--- TASK TO COMPLETE ---
Repeat every entry exactly as it stands. Omit the images.

'''

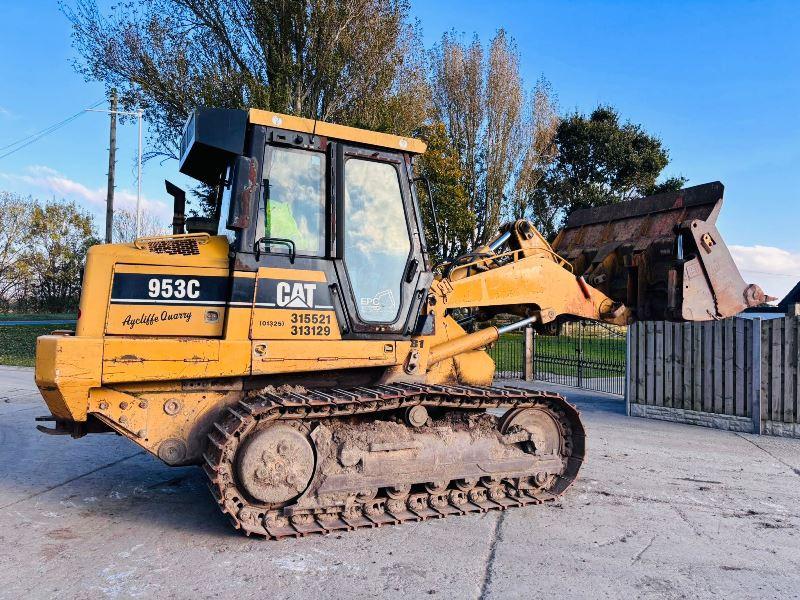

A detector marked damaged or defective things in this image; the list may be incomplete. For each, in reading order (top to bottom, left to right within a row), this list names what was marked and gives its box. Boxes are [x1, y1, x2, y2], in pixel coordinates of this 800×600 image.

rusty bucket interior [552, 182, 772, 324]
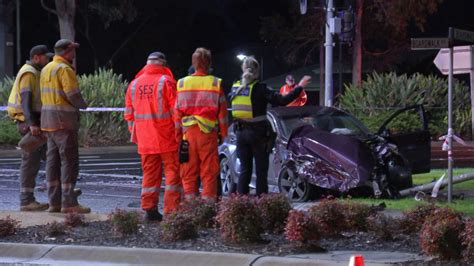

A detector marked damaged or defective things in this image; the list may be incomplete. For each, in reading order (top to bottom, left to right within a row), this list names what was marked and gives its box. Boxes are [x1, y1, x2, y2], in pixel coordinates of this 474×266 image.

wrecked dark car [220, 105, 432, 201]
damaged vehicle debris [220, 105, 432, 201]
crumpled car hood [286, 125, 374, 192]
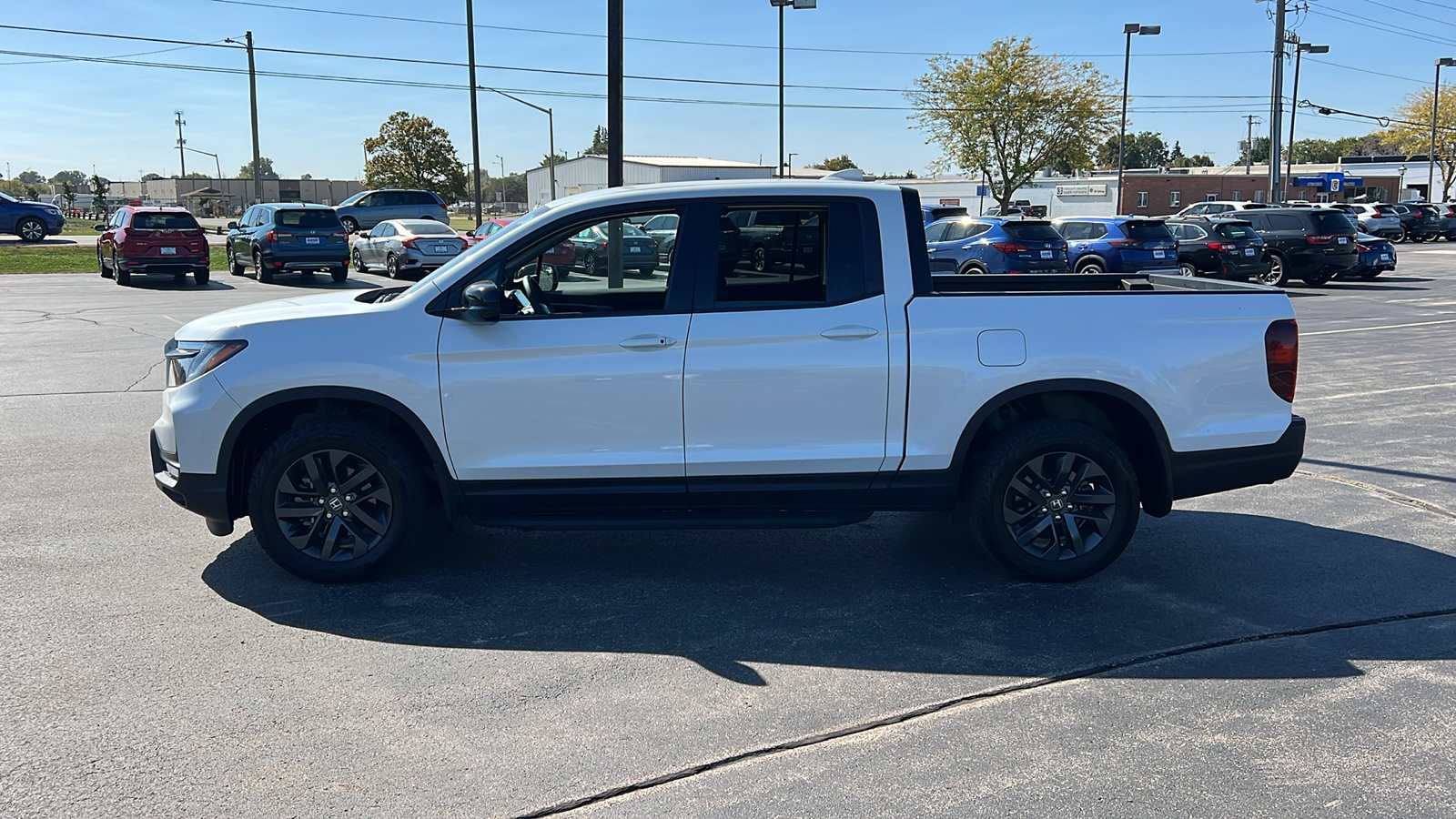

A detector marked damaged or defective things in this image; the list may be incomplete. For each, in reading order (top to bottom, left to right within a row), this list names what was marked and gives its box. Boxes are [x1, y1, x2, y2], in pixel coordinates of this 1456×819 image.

crack in asphalt [1299, 466, 1456, 515]
crack in asphalt [506, 602, 1456, 810]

'''

--- EXERCISE OUTPUT ---
A detector marked damaged or defective things in this image; the list may be incomplete. For each, in reading order (top to bottom, left to right within a row), this list names what was marked and gives its box. Boxes are [x1, y1, x2, y2], in pixel coordinates of this 800×600 image.

rusty bucket interior [552, 182, 772, 324]

A detector marked damaged or defective things in this image; the list may be incomplete. For each, in reading order (top to bottom, left to right within a row), this list names what was marked and gives its box. Boxes are [x1, y1, x2, y2], in pixel coordinates of this 474×266 image.

wrecked dark car [220, 105, 432, 201]
damaged vehicle debris [220, 105, 432, 201]
crumpled car hood [286, 125, 374, 192]

A detector marked damaged or defective things in this image; the list may be incomplete. For each, in reading order (top to bottom, left to right within a row), this list names what was marked and gives its box. Boxes are [x1, y1, x2, y2], in pixel coordinates of this 1456×819 image.

crack in asphalt [1299, 466, 1456, 515]
crack in asphalt [506, 602, 1456, 810]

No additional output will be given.